If we’re going to build a WPF app, we’re going to want to be able to load some XAML. Sure, you can programmatically build up your UI, but WPF and more importantly WPF tools like Expression Blend are designed to work with XAML. Luckily, loading XAML is fairly easy:
def LoadXaml(filename): from System.IO import File from System.Windows.Markup import XamlReader with File.OpenRead(filename) as f: return XamlReader.Load(f)
We simply open the filename provided and use XamlReader to build out the corresponding WPF object graph. Note, this is very different from the XAML approach used by C#/VB or even by IronPythonStudio.

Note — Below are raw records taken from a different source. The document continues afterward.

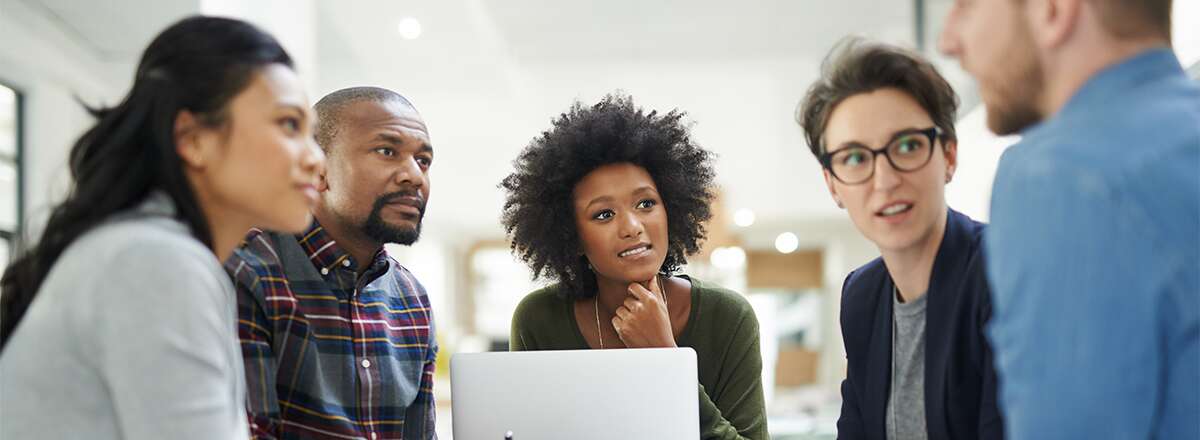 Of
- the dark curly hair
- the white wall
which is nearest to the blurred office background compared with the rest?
the white wall

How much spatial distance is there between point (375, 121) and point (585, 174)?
0.48 metres

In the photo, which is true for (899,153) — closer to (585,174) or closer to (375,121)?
(585,174)

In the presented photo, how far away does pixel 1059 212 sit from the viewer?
0.88m

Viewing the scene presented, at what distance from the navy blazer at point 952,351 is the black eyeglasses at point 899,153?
132 millimetres

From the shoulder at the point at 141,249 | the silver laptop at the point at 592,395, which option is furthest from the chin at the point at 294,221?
→ the silver laptop at the point at 592,395

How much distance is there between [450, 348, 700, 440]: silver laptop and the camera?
1.63m

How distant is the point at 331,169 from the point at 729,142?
5.93 metres

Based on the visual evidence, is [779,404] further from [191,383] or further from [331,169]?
[191,383]

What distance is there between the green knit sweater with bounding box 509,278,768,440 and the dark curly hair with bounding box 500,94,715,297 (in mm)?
110

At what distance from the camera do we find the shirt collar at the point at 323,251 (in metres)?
1.93

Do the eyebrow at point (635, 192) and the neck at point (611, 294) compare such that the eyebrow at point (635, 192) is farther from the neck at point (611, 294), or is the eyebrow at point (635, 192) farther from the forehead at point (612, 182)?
the neck at point (611, 294)

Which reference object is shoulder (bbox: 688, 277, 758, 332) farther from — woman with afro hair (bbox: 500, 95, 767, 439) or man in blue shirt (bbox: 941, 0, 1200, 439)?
man in blue shirt (bbox: 941, 0, 1200, 439)

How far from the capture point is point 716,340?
2121mm

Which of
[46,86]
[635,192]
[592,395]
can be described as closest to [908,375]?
[592,395] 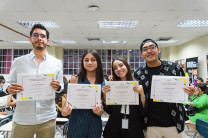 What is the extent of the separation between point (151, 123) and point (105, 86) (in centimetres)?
67

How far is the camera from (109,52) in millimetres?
12031

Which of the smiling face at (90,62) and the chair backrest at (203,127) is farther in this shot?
the chair backrest at (203,127)

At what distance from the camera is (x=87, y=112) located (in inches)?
62.8

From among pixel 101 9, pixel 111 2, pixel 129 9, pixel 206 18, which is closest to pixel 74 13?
pixel 101 9

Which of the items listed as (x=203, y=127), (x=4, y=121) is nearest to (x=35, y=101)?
(x=4, y=121)

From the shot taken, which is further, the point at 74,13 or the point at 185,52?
the point at 185,52

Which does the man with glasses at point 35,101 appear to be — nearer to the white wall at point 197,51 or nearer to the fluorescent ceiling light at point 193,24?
the fluorescent ceiling light at point 193,24

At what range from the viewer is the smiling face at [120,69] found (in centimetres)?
171

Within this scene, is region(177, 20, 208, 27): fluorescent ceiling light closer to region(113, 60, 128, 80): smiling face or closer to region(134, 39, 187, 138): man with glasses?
region(134, 39, 187, 138): man with glasses

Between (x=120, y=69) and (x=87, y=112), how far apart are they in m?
0.61

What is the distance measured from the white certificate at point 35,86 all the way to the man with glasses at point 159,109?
3.38 ft

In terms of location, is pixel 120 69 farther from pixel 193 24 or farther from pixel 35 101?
pixel 193 24

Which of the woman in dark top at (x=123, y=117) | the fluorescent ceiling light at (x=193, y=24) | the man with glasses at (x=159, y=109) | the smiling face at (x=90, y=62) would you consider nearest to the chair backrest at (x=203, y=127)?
the man with glasses at (x=159, y=109)

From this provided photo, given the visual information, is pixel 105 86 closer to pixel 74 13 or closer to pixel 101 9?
pixel 101 9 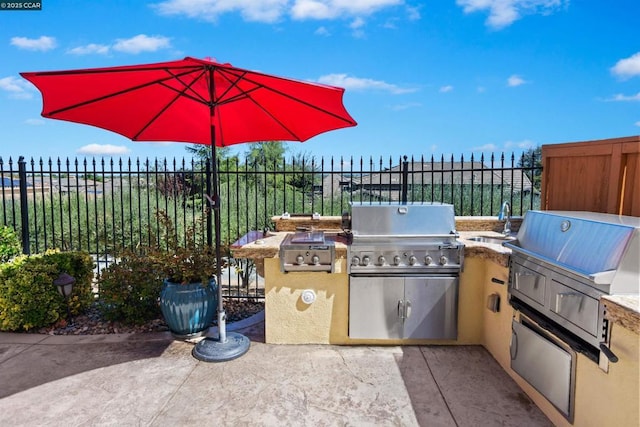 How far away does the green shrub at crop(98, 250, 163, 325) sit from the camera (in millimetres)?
4168

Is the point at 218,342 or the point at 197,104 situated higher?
the point at 197,104

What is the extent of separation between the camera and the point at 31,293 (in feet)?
13.2

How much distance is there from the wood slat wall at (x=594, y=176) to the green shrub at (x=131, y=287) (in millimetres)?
4128

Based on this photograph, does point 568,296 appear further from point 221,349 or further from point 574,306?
point 221,349

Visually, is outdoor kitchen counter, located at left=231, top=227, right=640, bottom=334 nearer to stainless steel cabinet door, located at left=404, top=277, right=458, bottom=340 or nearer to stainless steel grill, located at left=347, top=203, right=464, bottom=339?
stainless steel grill, located at left=347, top=203, right=464, bottom=339

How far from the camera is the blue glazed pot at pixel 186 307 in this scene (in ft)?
12.2

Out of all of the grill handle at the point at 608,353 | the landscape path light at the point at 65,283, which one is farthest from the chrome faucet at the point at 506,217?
the landscape path light at the point at 65,283

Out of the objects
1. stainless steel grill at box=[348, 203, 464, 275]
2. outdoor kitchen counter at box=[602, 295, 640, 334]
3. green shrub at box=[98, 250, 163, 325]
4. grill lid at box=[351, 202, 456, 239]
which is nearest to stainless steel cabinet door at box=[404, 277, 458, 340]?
stainless steel grill at box=[348, 203, 464, 275]

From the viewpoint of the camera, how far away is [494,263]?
11.0ft

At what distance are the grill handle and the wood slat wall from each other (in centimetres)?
141

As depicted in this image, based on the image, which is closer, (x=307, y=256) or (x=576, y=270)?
(x=576, y=270)

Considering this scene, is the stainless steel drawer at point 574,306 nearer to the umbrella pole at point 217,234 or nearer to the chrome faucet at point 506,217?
the chrome faucet at point 506,217

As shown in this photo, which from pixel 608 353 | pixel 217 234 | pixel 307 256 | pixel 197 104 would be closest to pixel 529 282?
pixel 608 353

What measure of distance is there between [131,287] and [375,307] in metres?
2.67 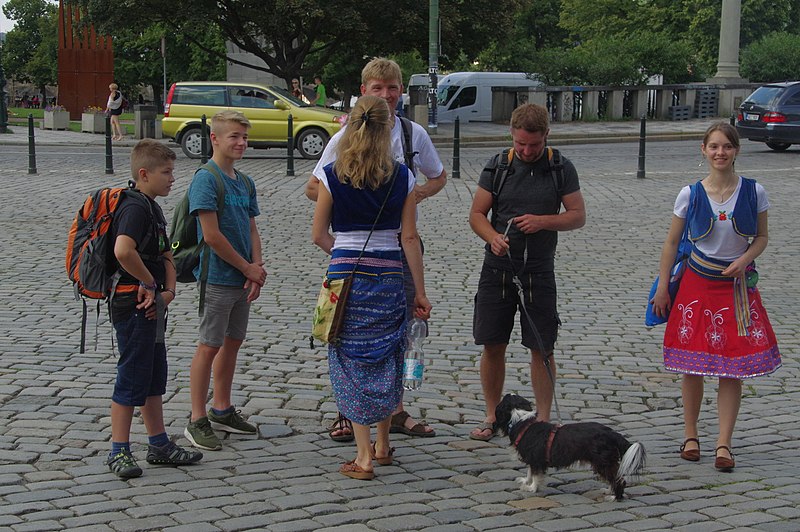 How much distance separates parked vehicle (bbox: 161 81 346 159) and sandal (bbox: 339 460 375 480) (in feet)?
61.9

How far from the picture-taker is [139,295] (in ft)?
16.4

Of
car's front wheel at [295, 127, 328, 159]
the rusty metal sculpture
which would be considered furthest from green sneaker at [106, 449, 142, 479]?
the rusty metal sculpture

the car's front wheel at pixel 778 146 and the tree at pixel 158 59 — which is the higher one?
the tree at pixel 158 59

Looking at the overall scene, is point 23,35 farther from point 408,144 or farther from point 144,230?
point 144,230

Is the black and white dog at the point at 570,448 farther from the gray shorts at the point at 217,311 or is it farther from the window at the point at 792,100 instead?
the window at the point at 792,100

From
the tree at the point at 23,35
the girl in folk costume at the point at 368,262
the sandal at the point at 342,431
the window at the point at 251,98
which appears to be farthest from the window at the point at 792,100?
the tree at the point at 23,35

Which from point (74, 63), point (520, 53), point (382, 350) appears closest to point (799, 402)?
point (382, 350)

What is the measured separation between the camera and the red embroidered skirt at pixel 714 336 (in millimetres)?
5453

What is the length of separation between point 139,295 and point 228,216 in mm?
704

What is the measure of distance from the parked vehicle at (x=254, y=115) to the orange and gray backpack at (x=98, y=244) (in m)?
18.7

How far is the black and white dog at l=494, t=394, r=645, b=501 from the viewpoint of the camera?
476 centimetres

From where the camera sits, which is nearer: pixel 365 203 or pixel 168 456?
pixel 365 203

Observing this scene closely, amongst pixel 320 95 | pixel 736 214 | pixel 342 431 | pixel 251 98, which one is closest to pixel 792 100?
pixel 251 98

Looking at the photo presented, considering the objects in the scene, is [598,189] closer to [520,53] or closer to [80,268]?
[80,268] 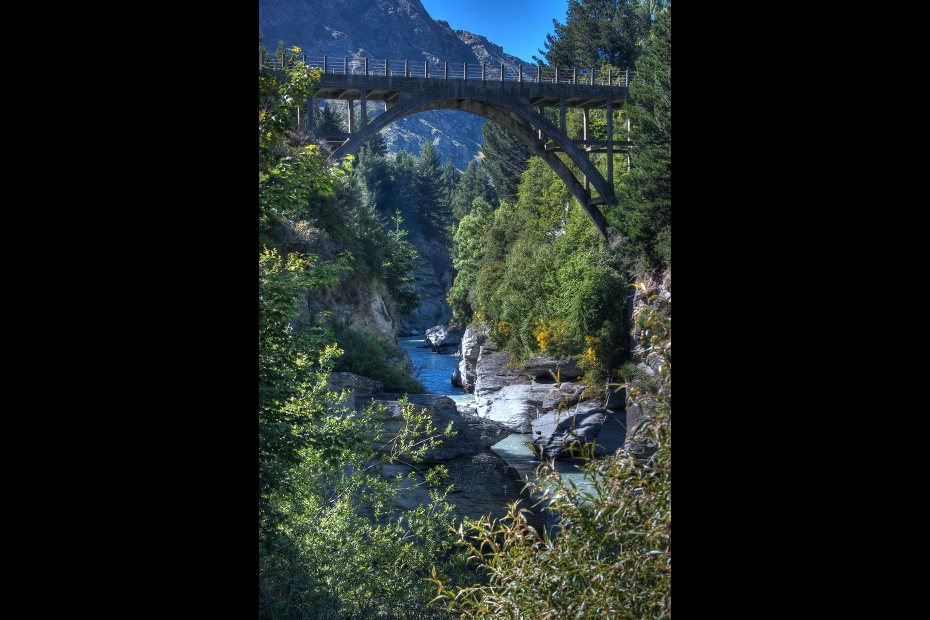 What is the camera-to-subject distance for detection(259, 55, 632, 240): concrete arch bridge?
47.2ft

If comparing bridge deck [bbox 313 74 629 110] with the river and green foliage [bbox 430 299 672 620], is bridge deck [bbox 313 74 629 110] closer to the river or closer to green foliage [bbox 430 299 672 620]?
the river

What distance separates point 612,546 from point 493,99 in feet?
46.2

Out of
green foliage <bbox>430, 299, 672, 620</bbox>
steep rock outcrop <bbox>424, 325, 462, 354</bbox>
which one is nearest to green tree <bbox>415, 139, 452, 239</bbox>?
steep rock outcrop <bbox>424, 325, 462, 354</bbox>

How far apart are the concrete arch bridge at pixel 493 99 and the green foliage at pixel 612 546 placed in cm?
1214

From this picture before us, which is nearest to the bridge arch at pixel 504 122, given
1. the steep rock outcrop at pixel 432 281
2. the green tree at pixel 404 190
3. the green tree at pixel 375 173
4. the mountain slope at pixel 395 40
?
the green tree at pixel 375 173

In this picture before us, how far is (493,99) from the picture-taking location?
51.4 ft

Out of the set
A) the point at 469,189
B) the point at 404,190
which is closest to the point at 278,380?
the point at 469,189

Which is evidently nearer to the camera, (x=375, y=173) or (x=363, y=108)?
(x=363, y=108)

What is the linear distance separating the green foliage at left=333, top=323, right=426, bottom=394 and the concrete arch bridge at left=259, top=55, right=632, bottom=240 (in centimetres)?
352

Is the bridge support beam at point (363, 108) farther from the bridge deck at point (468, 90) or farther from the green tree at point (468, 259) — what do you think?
the green tree at point (468, 259)

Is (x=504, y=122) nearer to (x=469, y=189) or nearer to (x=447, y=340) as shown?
(x=447, y=340) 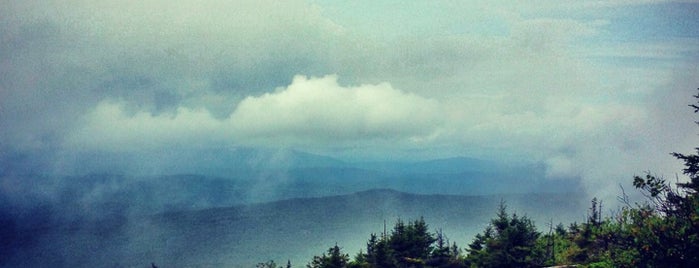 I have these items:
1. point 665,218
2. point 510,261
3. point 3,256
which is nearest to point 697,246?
point 665,218

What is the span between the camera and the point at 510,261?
30.1 metres

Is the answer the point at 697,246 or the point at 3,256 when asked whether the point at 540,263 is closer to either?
the point at 697,246

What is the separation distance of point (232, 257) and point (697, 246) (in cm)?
18057

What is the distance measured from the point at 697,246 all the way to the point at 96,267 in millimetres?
185386

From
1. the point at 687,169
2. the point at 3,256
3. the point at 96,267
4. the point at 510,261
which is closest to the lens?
the point at 687,169

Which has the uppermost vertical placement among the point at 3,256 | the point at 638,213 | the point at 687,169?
the point at 3,256

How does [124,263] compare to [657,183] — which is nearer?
[657,183]

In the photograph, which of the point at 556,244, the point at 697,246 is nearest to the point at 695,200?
the point at 697,246

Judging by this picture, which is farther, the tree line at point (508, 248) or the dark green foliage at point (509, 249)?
the dark green foliage at point (509, 249)

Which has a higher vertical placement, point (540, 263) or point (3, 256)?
point (3, 256)

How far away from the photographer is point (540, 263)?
30.7m

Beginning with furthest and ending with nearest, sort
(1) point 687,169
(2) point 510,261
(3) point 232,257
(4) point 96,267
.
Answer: (3) point 232,257
(4) point 96,267
(2) point 510,261
(1) point 687,169

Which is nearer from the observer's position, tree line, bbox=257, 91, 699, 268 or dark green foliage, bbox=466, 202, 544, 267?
tree line, bbox=257, 91, 699, 268

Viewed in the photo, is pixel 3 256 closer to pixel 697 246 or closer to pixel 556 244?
pixel 556 244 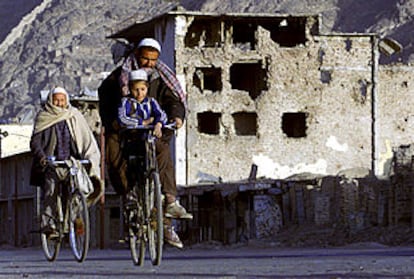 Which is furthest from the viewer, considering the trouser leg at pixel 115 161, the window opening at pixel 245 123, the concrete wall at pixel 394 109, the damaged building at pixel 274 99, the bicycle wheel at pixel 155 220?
the concrete wall at pixel 394 109

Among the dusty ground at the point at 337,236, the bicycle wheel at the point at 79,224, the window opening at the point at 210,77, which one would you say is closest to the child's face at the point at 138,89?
the bicycle wheel at the point at 79,224

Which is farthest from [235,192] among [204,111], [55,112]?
[55,112]

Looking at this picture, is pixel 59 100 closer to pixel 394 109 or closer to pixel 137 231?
pixel 137 231

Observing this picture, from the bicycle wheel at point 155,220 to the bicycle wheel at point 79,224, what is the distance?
2285mm

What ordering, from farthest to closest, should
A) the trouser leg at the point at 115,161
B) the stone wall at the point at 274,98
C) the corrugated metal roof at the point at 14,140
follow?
the corrugated metal roof at the point at 14,140, the stone wall at the point at 274,98, the trouser leg at the point at 115,161

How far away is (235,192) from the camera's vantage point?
1831 inches

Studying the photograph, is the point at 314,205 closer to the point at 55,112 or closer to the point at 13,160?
the point at 55,112

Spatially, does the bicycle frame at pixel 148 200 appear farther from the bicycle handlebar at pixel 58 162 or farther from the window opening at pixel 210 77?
the window opening at pixel 210 77

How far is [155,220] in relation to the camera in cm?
1274

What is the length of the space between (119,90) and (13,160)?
5145 cm

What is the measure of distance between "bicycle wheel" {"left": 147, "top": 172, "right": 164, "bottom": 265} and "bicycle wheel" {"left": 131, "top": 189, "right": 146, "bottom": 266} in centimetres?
16

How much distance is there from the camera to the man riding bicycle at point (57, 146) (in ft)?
52.5

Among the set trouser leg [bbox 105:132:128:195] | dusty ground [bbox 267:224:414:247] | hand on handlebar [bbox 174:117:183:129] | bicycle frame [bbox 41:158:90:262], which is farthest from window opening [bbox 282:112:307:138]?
trouser leg [bbox 105:132:128:195]

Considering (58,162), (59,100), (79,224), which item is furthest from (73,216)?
(59,100) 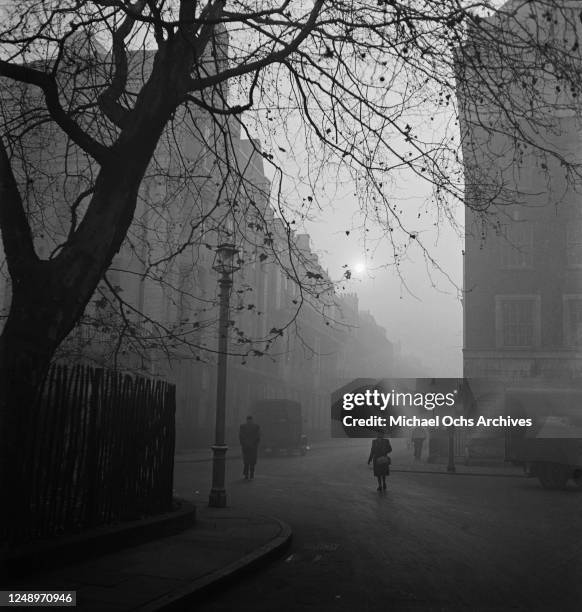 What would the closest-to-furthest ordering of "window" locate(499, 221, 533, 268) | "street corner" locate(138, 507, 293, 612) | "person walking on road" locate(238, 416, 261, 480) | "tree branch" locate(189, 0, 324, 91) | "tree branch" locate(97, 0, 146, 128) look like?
"street corner" locate(138, 507, 293, 612) < "tree branch" locate(189, 0, 324, 91) < "tree branch" locate(97, 0, 146, 128) < "person walking on road" locate(238, 416, 261, 480) < "window" locate(499, 221, 533, 268)

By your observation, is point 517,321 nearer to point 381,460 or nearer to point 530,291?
point 530,291

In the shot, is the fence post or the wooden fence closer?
the wooden fence

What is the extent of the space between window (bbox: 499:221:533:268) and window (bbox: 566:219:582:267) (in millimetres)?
1861

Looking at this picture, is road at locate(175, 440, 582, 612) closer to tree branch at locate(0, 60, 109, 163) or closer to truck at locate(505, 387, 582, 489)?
truck at locate(505, 387, 582, 489)

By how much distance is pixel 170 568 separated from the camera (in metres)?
8.06

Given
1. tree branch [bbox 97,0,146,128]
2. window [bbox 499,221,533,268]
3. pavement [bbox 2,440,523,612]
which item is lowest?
pavement [bbox 2,440,523,612]

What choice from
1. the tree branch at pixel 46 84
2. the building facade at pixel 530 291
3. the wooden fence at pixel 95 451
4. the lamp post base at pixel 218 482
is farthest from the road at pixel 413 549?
the building facade at pixel 530 291

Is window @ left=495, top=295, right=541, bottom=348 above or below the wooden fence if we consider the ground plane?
above

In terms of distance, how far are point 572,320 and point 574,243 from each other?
13.6ft

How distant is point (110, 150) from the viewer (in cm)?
874

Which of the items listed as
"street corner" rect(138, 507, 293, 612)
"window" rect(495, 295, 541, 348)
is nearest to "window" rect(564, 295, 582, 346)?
"window" rect(495, 295, 541, 348)

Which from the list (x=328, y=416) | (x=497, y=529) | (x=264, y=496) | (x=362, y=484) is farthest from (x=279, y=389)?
(x=497, y=529)

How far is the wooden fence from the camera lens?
8.14 meters

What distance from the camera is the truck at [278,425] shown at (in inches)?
1507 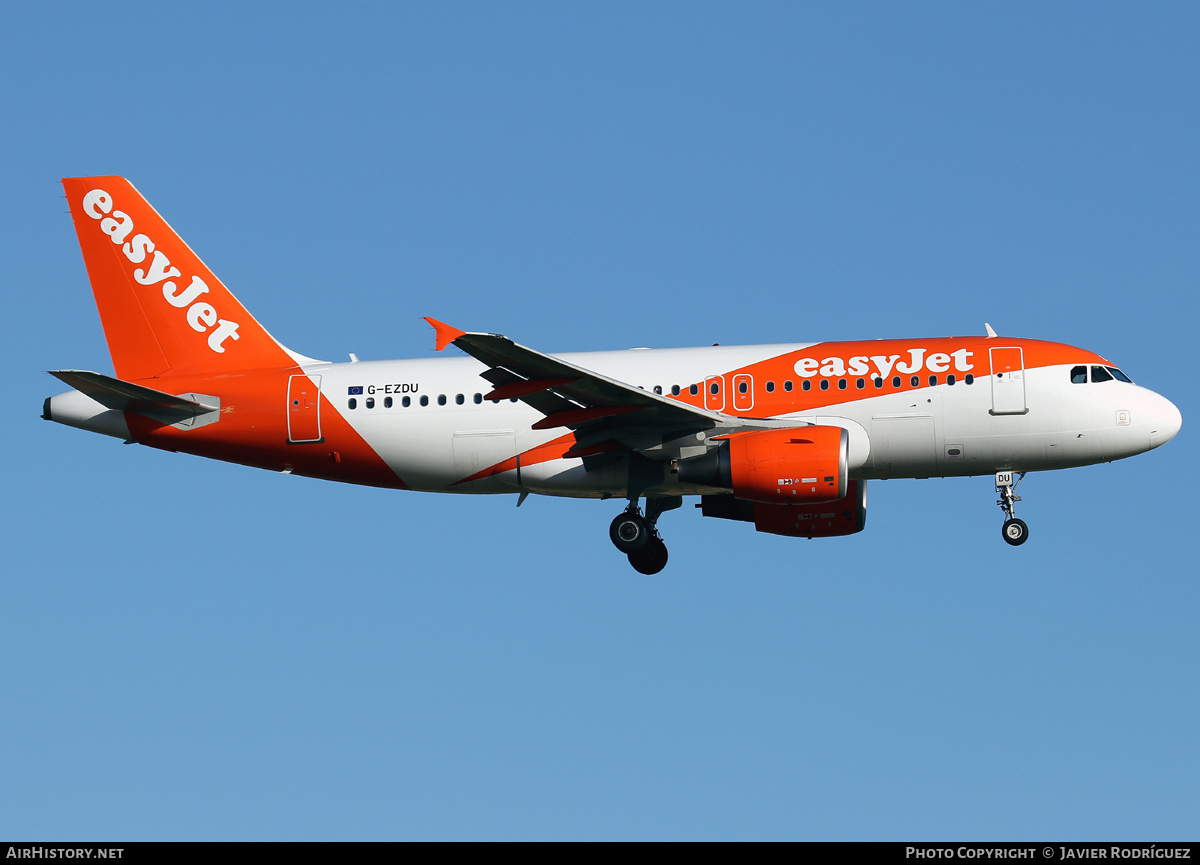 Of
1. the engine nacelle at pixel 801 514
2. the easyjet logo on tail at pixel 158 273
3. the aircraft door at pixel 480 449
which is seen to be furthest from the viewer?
the easyjet logo on tail at pixel 158 273

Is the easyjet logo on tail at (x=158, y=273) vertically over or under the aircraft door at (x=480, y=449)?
over

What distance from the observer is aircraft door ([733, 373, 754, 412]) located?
3438cm

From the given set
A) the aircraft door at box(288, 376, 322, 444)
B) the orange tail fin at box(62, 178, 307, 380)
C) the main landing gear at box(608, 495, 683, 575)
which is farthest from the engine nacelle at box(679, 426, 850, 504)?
the orange tail fin at box(62, 178, 307, 380)

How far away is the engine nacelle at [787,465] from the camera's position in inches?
1281

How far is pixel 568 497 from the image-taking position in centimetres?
3559

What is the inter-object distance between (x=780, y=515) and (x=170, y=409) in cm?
1523

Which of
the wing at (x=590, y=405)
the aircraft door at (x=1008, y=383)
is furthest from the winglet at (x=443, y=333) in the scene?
the aircraft door at (x=1008, y=383)

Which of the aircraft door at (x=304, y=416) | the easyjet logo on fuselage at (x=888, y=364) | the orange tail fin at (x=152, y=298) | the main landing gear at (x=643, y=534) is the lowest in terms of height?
the main landing gear at (x=643, y=534)

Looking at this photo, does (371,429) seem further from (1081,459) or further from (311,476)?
(1081,459)

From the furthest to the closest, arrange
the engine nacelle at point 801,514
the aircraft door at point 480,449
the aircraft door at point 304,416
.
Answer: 1. the engine nacelle at point 801,514
2. the aircraft door at point 304,416
3. the aircraft door at point 480,449

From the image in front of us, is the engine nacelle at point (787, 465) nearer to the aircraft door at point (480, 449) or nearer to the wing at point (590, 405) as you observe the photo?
the wing at point (590, 405)

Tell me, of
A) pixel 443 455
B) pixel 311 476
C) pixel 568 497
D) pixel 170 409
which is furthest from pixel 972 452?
pixel 170 409

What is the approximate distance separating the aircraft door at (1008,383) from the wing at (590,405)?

In those scenarios, the XAML is compiled into a binary format (BAML) and embedded in the compiled assembly. For my TechieWife Photo viewer, it’s all script so there’s neither a XAML to BAML compile step nor a compiled assembly to embed the BAML into, so we’re just loading raw XAML.
Since we’re using raw XAML, there are additional rules we need to follow. First, when using compiled XAML, we can specify the name of the event handler in the XAML directly. For XamlReader, that’s no allowed since there’s no C#/VB class associated with the XAML. Speaking of class, you can’t specify x:Class either. Finally, anywhere you want to use a static resource, as far as I can tell those need to be compiled in a static language. I think you could build one in C#, add a reference to that assembly via clr.AddReference, then use it from XAML and it should just work. However, since I’m trying to stick to IronPython exclusively, I didn’t try that scenario out.
Since you can’t specify the event handlers in XAML loaded by XamlReader, you have to bind the event handlers in code. There are two listboxes in my photo viewing app, and I want to capture the SelectionChanged event of both of them. Binding event handlers in IronPython code uses the same += syntax as C# uses.
win1 = wpf.LoadXaml('win1.xaml') win1.listbox1.SelectionChanged += listbox1_OnSelectionChanged win1.listbox2.SelectionChanged += listbox2_OnSelectionChanged
My win1.xaml file has a Window type instance as the root. You don’t need to be a deep WPF expert to realize that the WPF Window doesn’t have listbox1 or listbox2 properties. Yet, in the code snippet above, I was able to say win1.listbox1 and get back the WPF ListBox element with that name. Cool trick, eh? Well, I can’t take credit for it – I copied the code from our Silverlight integration for dynamic languages. Unfortunately, this code has to be written in C# code, but it is the only C# code in my whole solution (and it’s reusable!)
[assembly: ExtensionType( typeof(FrameworkElement), typeof(DevHawk.Scripting.Wpf.FrameworkElementExtension))] namespace DevHawk.Scripting.Wpf { public static class FrameworkElementExtension { [SpecialName] public static object GetBoundMember(FrameworkElement e, string n) { object result = e.FindName(n); if (result == null) { return OperationFailed.Value; } return result; } } }
GetBoundMember is kinda like Python’s __getattr__ or Ruby’s method_missing. Of course, it doesn’t work with C#, but it does lets us trap dynamic member resolution when calling a C# object from a DLR language. Srivatsn has a great write up on using GetBoundMember and the four other special methods you can use to make your CLR objects act more dynamic.
In this case, if the standard reflection-based member name resolution
fails, we try calling FrameworkElement’s FindName method to see if
there’s a corresponding control with the provided name. So win.listbox1
is the equivalent to win.FindName('listbox1')
, but with less code and a
much more pythonic feel.
You’ll notice that we’re attaching this GetBoundMember method to FrameworkElement as an extension method. It’s kinda cool that we can inject a new method into an existing class to provides dynamic behavior and it all works seamlessly from Python. However, DLR uses a different mechanism to locate and bind extension methods than C# or VB. Those languages use ExtensionAttribute to mark extension methods and the assemblies and classes that contain them. However, that approach forces you to examine ever single class in marked assemblies and every single method in marked classes. Examining every class and method is no big deal to do at compile time, but it would be a significant perf issue at runtime. By using ExtensionType attribute, the DLR only has to look at assembly attributes in order to bind extension methods.
Once you’ve got the compiled FrameworkElementExtension assembly, you
just need to load it via clr.AddReference. I called the assembly
Devhawk.Scripting.Wpf and I load it automatically in my wpy.py module.
So if you’re building a WPF app in IronPython, you can simply “import
wpy” and you get the GetBoundMember extension method, the LoadXaml
function, and a bunch of WPF related namespaces imported into the wpf
scope. That way, you can write wpf.Button()
instead of
System.Windows.Control.Button()
to programmatically create a new button.